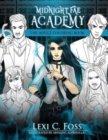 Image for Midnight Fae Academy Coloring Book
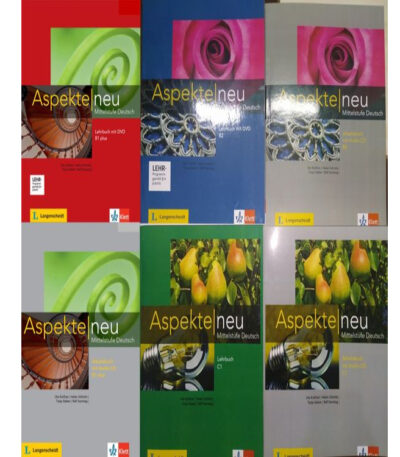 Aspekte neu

================================

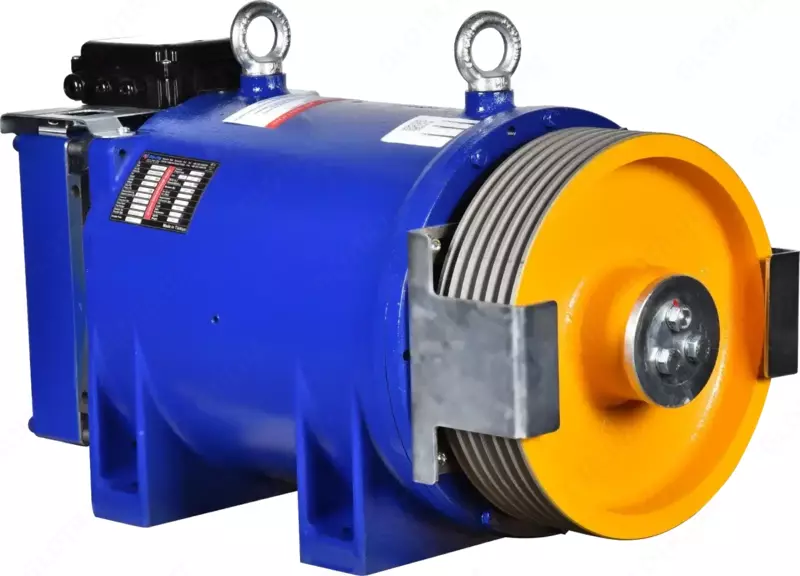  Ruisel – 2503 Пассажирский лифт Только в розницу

================================

> [Task statement]:
Range to print from the listing above: from the line with "Image for Midnight Fae Academy Coloring Book" up to and including the line with "Aspekte neu". Please print those lines exactly, with no pictures and nothing more.

> [Final answer]:
 Image for Midnight Fae Academy Coloring Book
 Aspekte neu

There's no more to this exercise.